Uno no quería hablar de las monjas clarisas de Belorado que se han declarado en rebeldía contra el papa Francisco (al que acusan de persecución por no autorizar sus negocios inmobiliarios), pero toda la prensa nacional e internacional le dedica amplios espacios al asunto y no nos queda otra que entrar en el tema para que no nos llamen periodistas desinformados o al margen de la rabiosa actualidad. Prometemos no caer en el chistecillo fácil del “para cuatro días que me queda en el convento” que circula por todas partes, ni en comparar a las subversivas religiosas nostálgicas, preconciliares, reaccionarias o cismáticas (cada cual que le ponga la etiqueta que prefiera a esto) con aquella película de Almodóvar en la que unas monjas con nombres tan underground como Sor Estiércol, Sor Rata de Callejón y Sor Víbora enloquecen y convierten el claustro en un despendole divino. El ingenio español es infinito y tenemos conceptos y diccionario suficiente como para no caer en lugares comunes. Así que ahí va la columna y que sea lo que Dios quiera, nunca mejor dicho.
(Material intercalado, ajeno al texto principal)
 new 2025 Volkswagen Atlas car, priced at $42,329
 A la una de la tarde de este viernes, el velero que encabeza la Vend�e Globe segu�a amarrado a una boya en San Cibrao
Antes de nada, cabe recordar que las monjitas han estado ahí, en su remanso de paz espiritual burgalés alejado del mundanal ruido, desde el siglo XVI. A sus quehaceres, a sus oraciones, tareas agrícolas, dulces, trufas de seis sabores y pastitas exportadas internacionalmente. Todo muy contemplativo y de mundo interior, como corresponde a un convento de clausura. Pero pastelillo a pastelillo, hornada a hornada, en cuatro siglos la levadura ha fermentado mucho y las hermanitas, sin querer, han levantado un pequeño emporio económico, un cerdito-hucha repleto de dinero, escrituras hipotecarias, contratos, inmuebles, cosas. De alguna manera, bien por el milagro de los panes y los peces (en este caso de los panes y los dulces) o por puro talento para los negocios, la cofradía hoy formada por 16 siervas del Señor ha montado una especie de gran holding de la repostería medieval cotizable en Wall Street. Seguramente ellas no querían convertirse en brókeres, ni en ejecutivas agresivas con hábito, pero los caminos del Señor son inescrutables, la empresa se les ha ido de las manos y les ha caído la maldición de la pasta (no precisamente de harina) por castigo. El dinero es el gran Satán de nuestro tiempo, y ya se sabe lo que decía Lutero, el cismático por excelencia: “Cuando Dios construye una iglesia, el Diablo construye una capilla”.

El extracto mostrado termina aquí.